La memoria non esiste, non quell’univoca memoria a cui siamo sempre stati abituati a pensare. Come se la mente fosse un prisma, la memoria viene divisa nelle sue parti fondamentali. La memoria ricostruita, quella in cui tentiamo di immaginare come possano essere avvenute talune faccende; quella intergenerazionale, quei traumi che, come cicatrici secondo l’evoluzione Lamarckiana, si ereditano o più semplicemente tutto quello che un genitore può trasmettere a un figlio; quella di noi stessi, e quelle stesse cose che, come i nostri genitori hanno fatto con noi, trasmetteremo ai nostri figli. Queste ovviamente non sono tutte le forme della memoria, ma sono quelle che sono state fulcro del dialogo che il 29 settembre, in occasione del Festival del Libro Ebraico si è tenuto tra le scrittrici Laura Forti e Raffaella Romagnolo, in occasione della presentazione dei loro rispettivi libri “La figlia inutile” (Guanda, 2024) e “Aggiustare l’universo” (Mondadori, 2024), con l’aiuto della moderatrice Federica Veronà.

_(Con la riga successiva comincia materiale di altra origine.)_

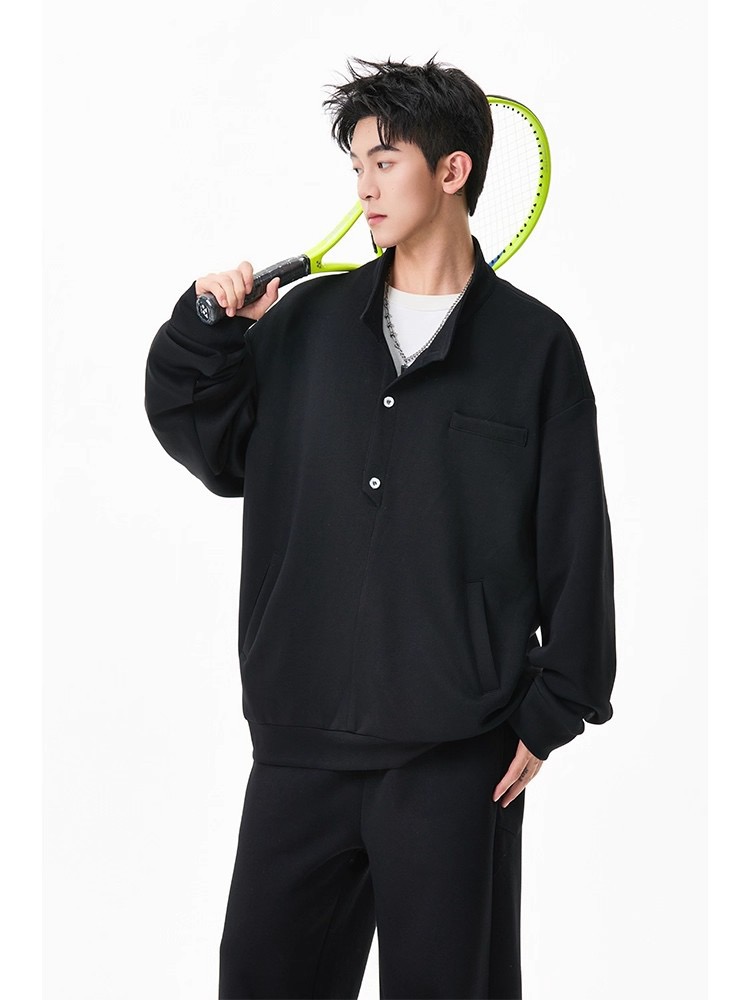 美式 復古休閒衛衣套裝 運動套裝｜寬鬆直筒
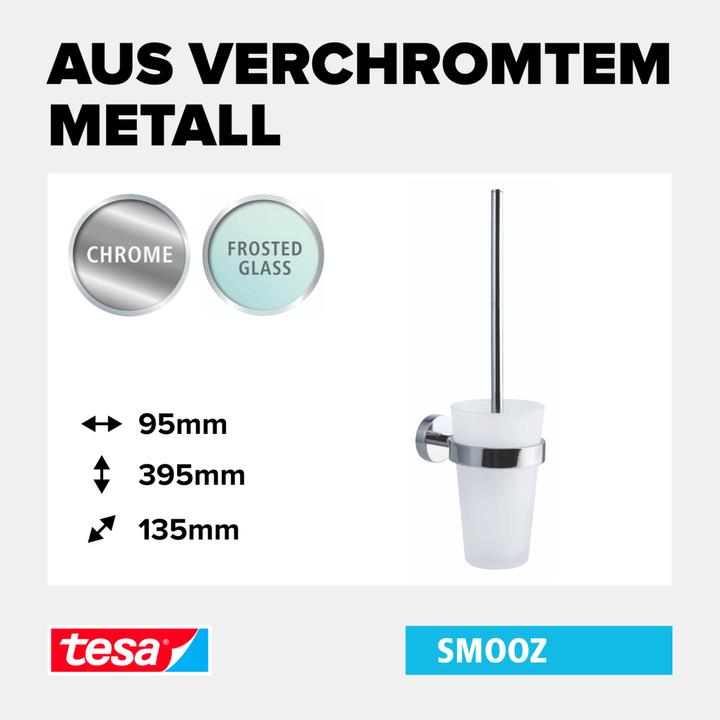 Immagine prodotto tesa Set di spazzole SMOOZ WC con soluzione adesiva inclusa, senza foratura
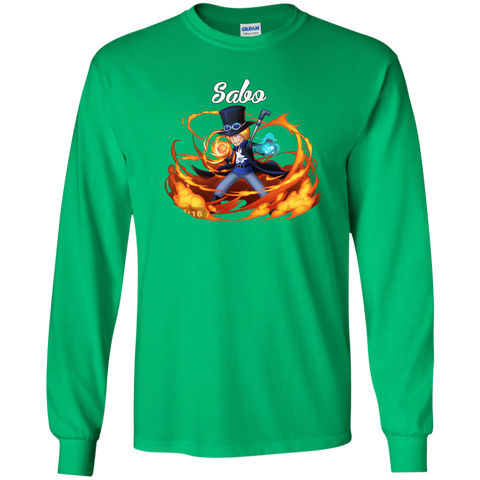 Sabo One Piece Robin Sabo G240 Gildan LS Ultra Cotton T-Shirt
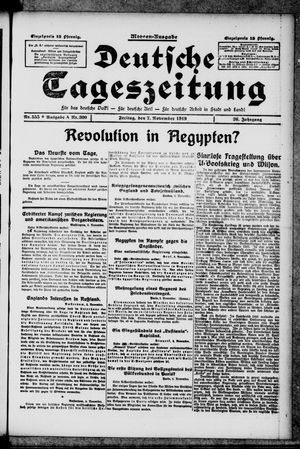 Deutsche Tageszeitung vom 07.11.1919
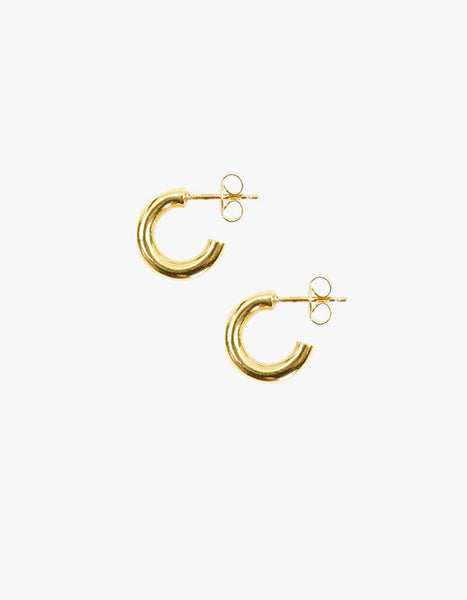 Superette  Classic Hoop Earrings - 18K Gold Plated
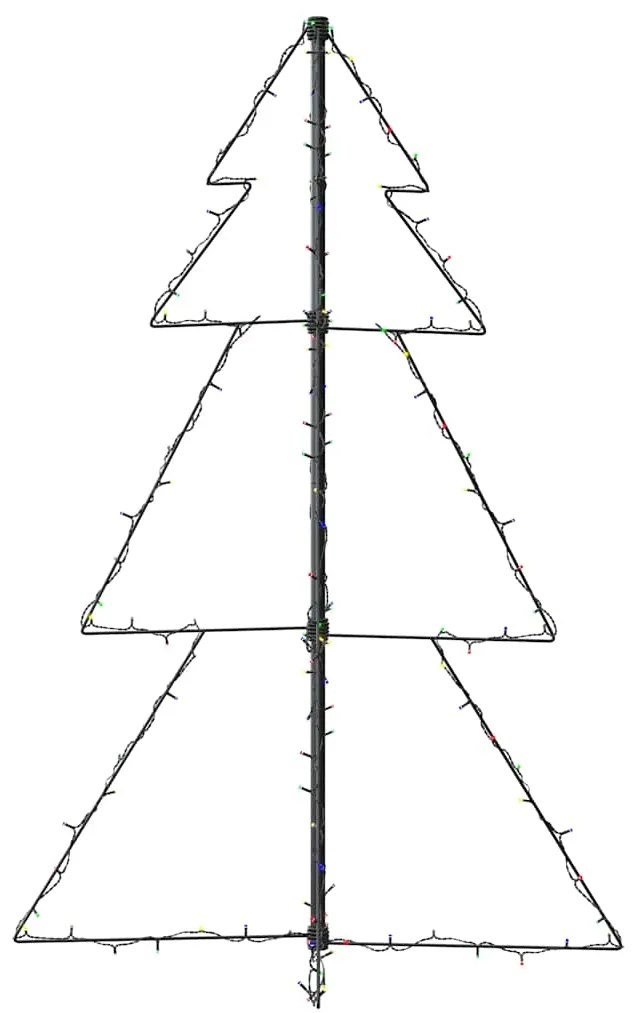 Árvore de Natal em cone 160 LEDs 78x120 cm interior e exterior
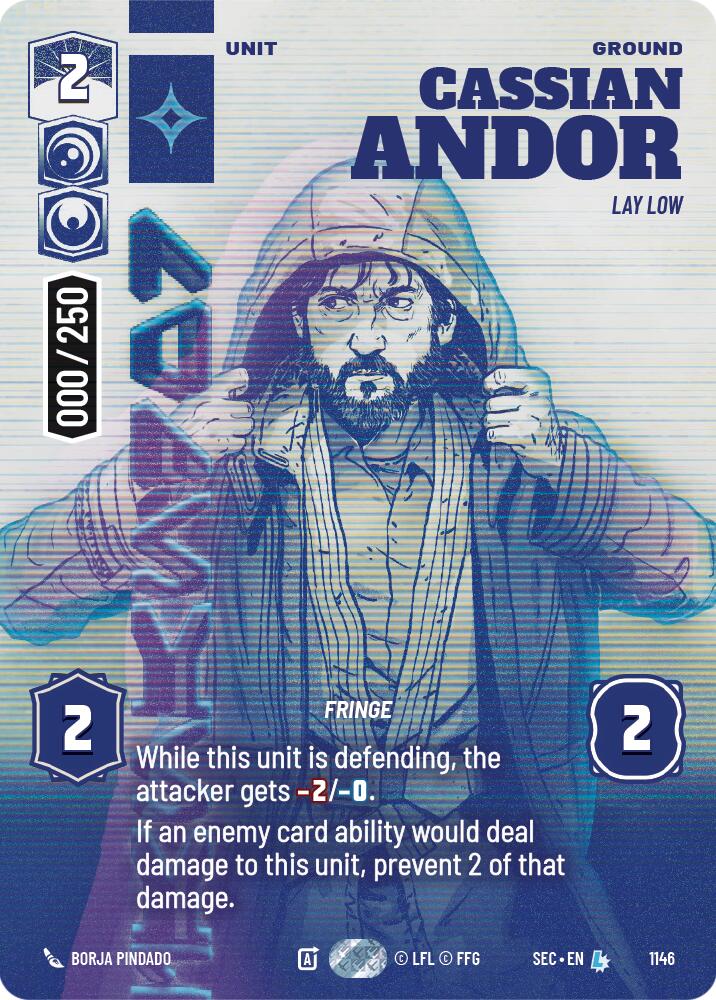 Cassian Andor - Lay Low (Serialized) (1146) (1146) [Secrets of Power] | Shuffle n Cut Hobbies & Games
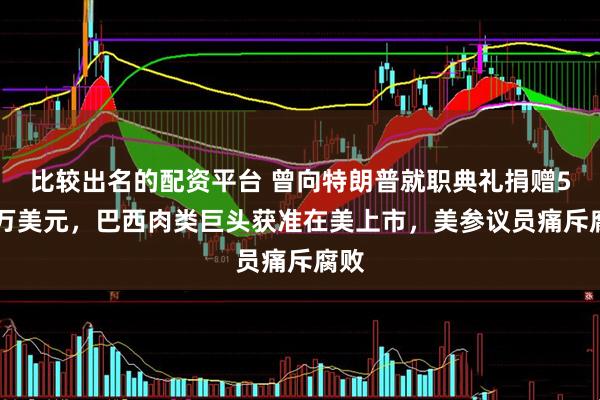 比较出名的配资平台 曾向特朗普就职典礼捐赠500万美元，巴西肉类巨头获准在美上市，美参议员痛斥腐败
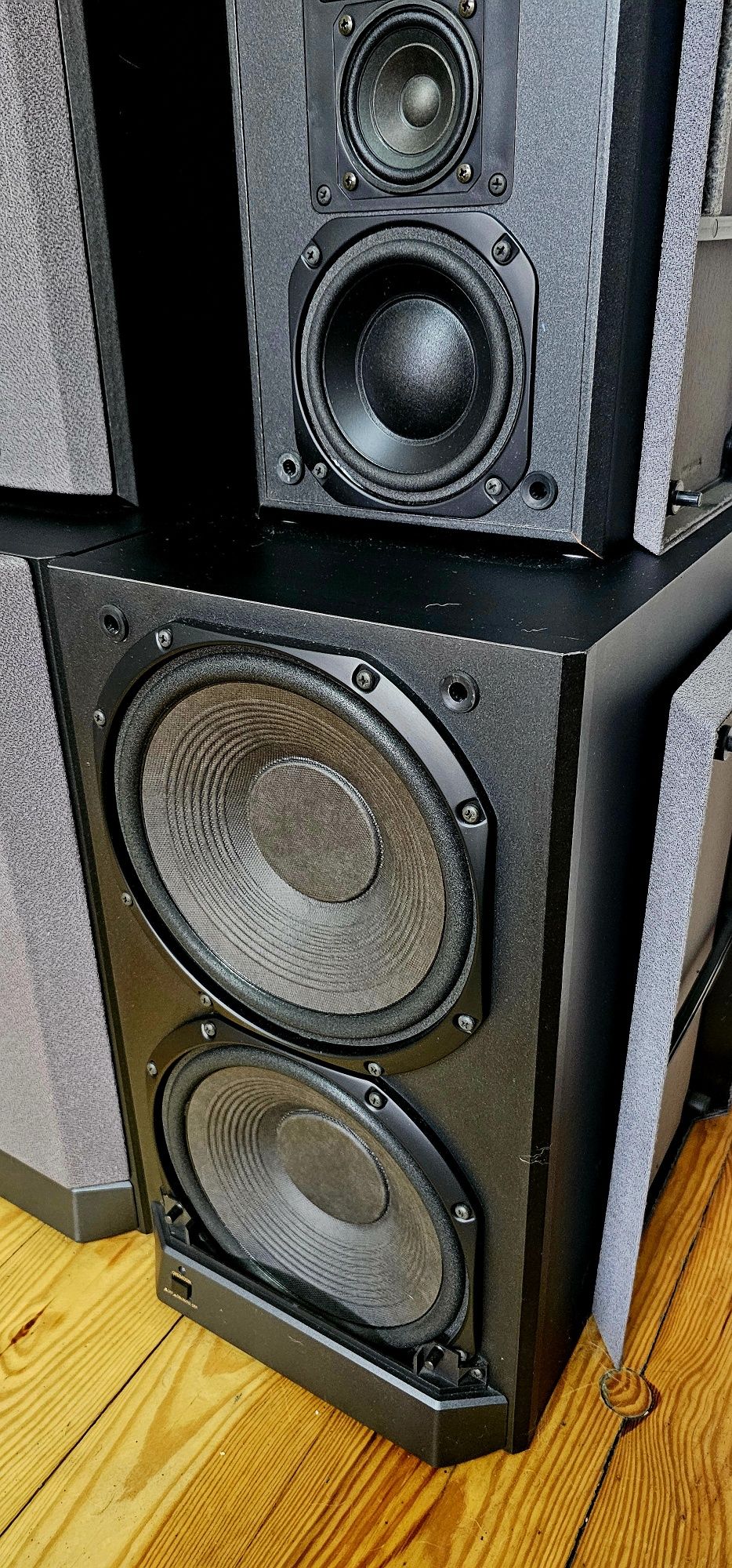 Technics THX 5.2 zestaw kolumn głośnikowych do kina dom.-idealny stan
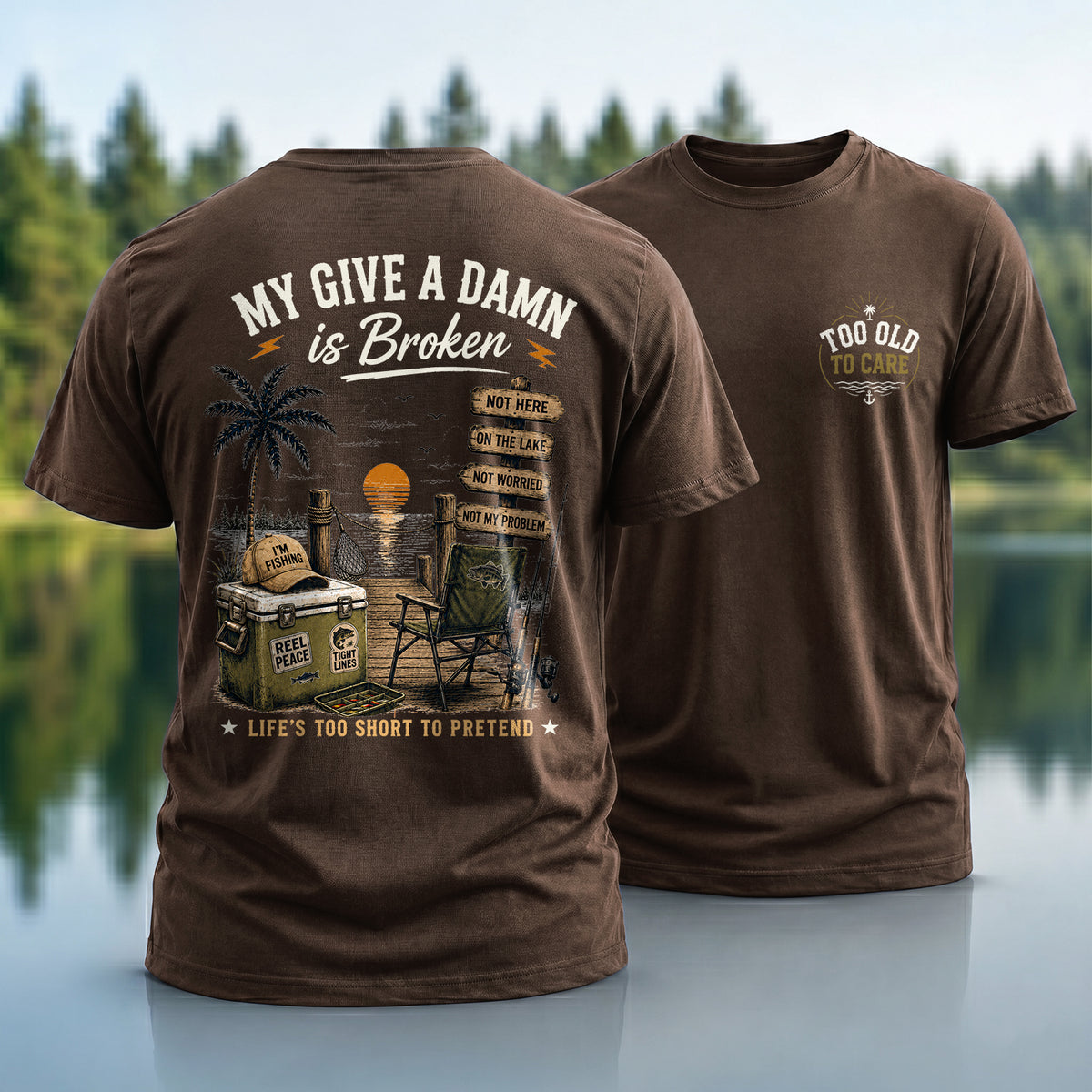 Give A Damn Broken T-Shirt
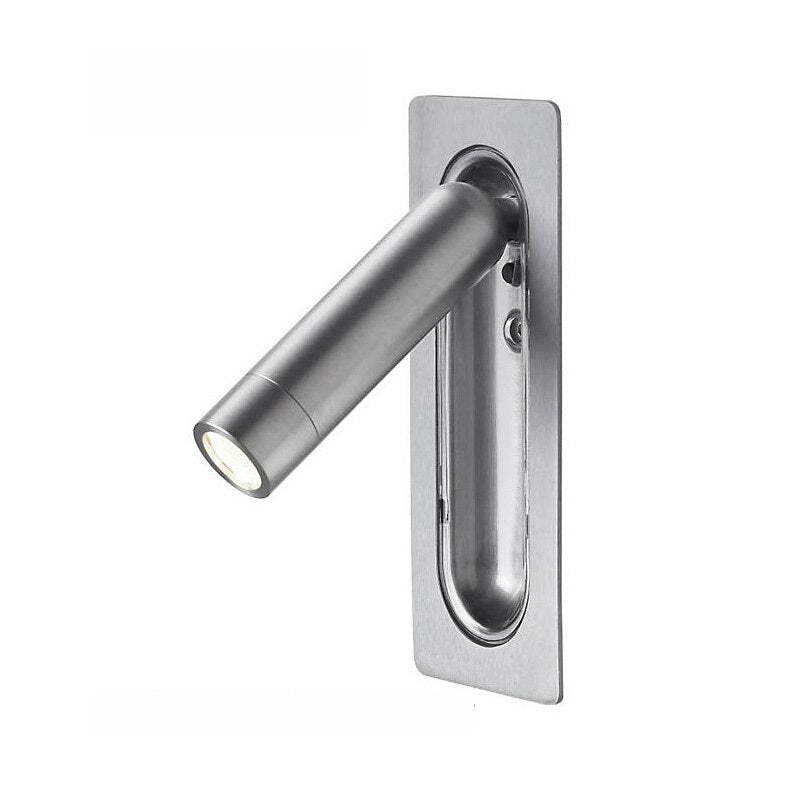 Lámpara de pared LED con estilo para lectura, luz enfocada que crea un ambiente acogedor.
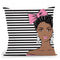 Bow Girl I Throw Pillow By Martina Pavlova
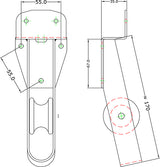Davier ouvert Inox GM Pike'n Bass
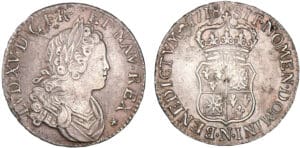 Louis XV - Demi-écu de France et de Navarre - 1718 N (Montpellier)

Laura Forti, nel processo di composizione del libro, ha dovuto ricostruire, o per meglio dire “recuperare dal nulla”, diversi episodi del romanzo tramite quella che ha chiamato “memoria ricostruttiva”. Non essendo disponibili ricordi o fonti di alcun tipo, ognuno di noi si trova ad inventare episodi del passato, spesso anche delle nostre vite; l’obiettivo non è romanzarci sopra, ma creare una ricostruzione quanto possibile fedele a come le cose sarebbero davvero dovute andare.
Romagnolo afferma che nella stesura del suo ultimo romanzo ha esplorato quelli che possono essere definiti come due vuoti di memoria e interesse nella storia nazionale italiana. Da un lato, il più macroscopico, il romanzo rivolge grande attenzione alla guerra aerea combattuta durante la Seconda Guerra Mondiale. Romagnolo ci ricorda come i bombardamenti in territorio italiano siano stati tanto più intensi quanto ora sono dimenticati, e come questi bombardamenti abbiano colpito non solo le grandi città: “La storia non risparmia nessuno, le cose importanti non succedono solo a Roma e Milano” ci ricorda Romagnolo. D’altro canto Romagnolo rivolge grande attenzione anche alle conseguenze che hanno avuto i vari provvedimenti razziali nella microstoria: la Storia non è quella dei grandi, diceva Manzoni. Ripercorrere l’importanza di ciò che accade nella microstoria, quegli avvenimenti che nessuno si degnerà mai di annotare ma che per interi nuclei familiari possono segnare i destini di ognuno, è stato l’obiettivo del romanzo di Romagnolo
Questa ragione non ha soltanto spinto Romagnolo a scrivere, ma è anche il motivo che l’ha portata a scrivere romanzi storici, i quali secondo lei sono necessari nel caso i testimoni degli eventi non siano più capaci di trasmettere il ricordo. Pensiamo per un momento ai lasciti delle antiche civiltà: erano così grandi, e nella maggior parte dei casi ciò che di loro ci rimane sono leggende. Così man mano che il tempo avanza i testimoni dell’epoca passata si fanno meno numerosi, e le potenziali fonti si diradano. È per questo che entrambe le autrici si sono soffermate sul valore della memoria dei nostri antenati, passando quindi a dialogare sulla memoria intergenerazionale: cosa vogliamo salvare dei nostri padri? Cosa vogliamo invece trasmettere ai nostri figli? Cosa, seppur senza la nostra volontà, verrà tramandato?